I guess the other real Q is whether it's worth trying to fix it or not. I quite like the idea of fixing it up and learning how it works, but don't want to throw bad money after good&#8230; Not that you can help me answer that one!

Thanks for any help!

Cheers

Jon


----------



## funinacup

You've already sussed out the two main likely causes. Check the element then PCB. This should lead you to a fairly strong conclusion. If it's the element then they're not brutally expensive - £36 from Fracino4u.

http://www.fracino4u.com/spare-parts-c8


----------



## jpt198

Thanks funinacup. If i test the element with a continuity test and it passes can I assume its ok?

If the pcb gives a current to the element can I assume its fine?

Thanks again!


----------



## funinacup

I'd say that if there's continuity in the element then in theory it should be heating...but if there is power TO the element and no heat then the element is in trouble. no power to the element = likely pcb.

see how the troubleshooting goes!


----------



## hotmetal

Found this on HB which may help if you're going to test the element.

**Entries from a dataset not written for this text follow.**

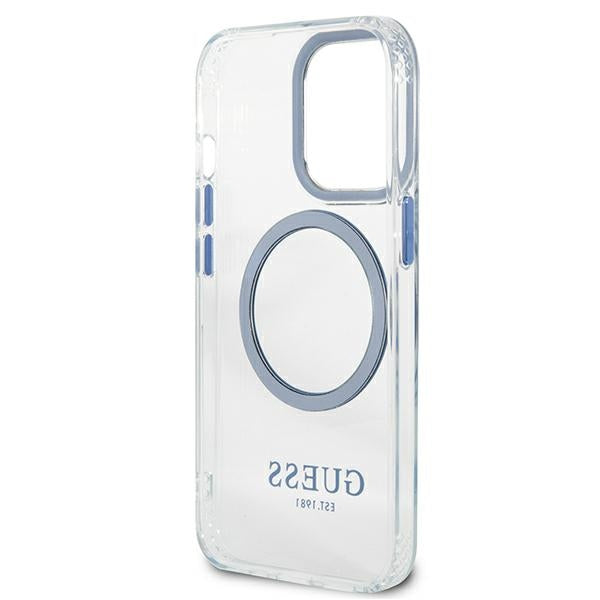 Guess Metal Outline MagSafe case for iPhone 13 Pro / iPhone 13 - blue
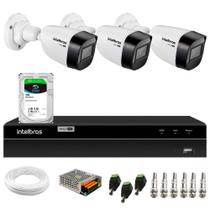 Kit 3 Câmeras Intelbras VHD 1130 B HD 720p Lente 2.8mm Visão Noturna 30m Resistente à Chuva IP67 + DVR Intelbras MHDX 1204 4 Canais + HD SkyHawk 1TB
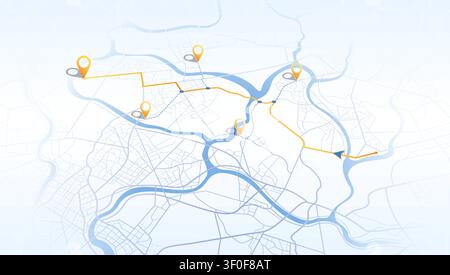 Gps map navigation with yellow markers and winding route on light city background. Vector illustration. Stock Vector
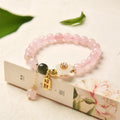Fortune Jewel Natural Pink Crystal Jade Flower Warm Love Bracelet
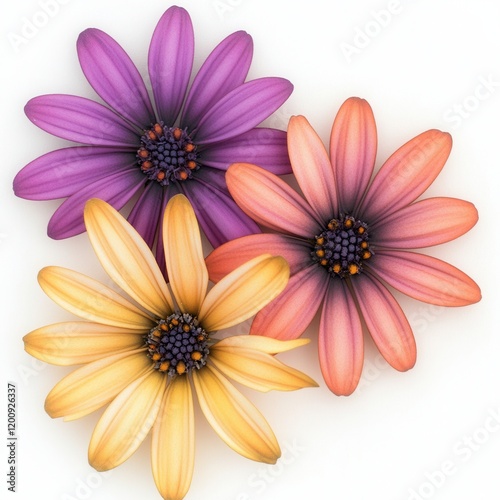 Colorful daisies, studio shot, white background, floral design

"The L1 and the Fracino Cherum use the same heating element and it is rated at 100 VAC. The element's resistance is 7.0 ohms."


----------



## espressotechno

The boiler thermal cutout (if it has got one) may have tripped: Look for a capillary wire coming out of the element base, between the contacts, and going into a ceramic block with a red button. Push the red button to reset.


----------



## jpt198

hotmetal said:


> Found this on HB which may help if you're going to test the element.
> 
> "The L1 and the Fracino Cherum use the same heating element and it is rated at 100 VAC. The element's resistance is 7.0 ohms."


Thanks Hotmetal, that should be helpful.

I am borrowing a multimeter tomorrow so be able to make some progress.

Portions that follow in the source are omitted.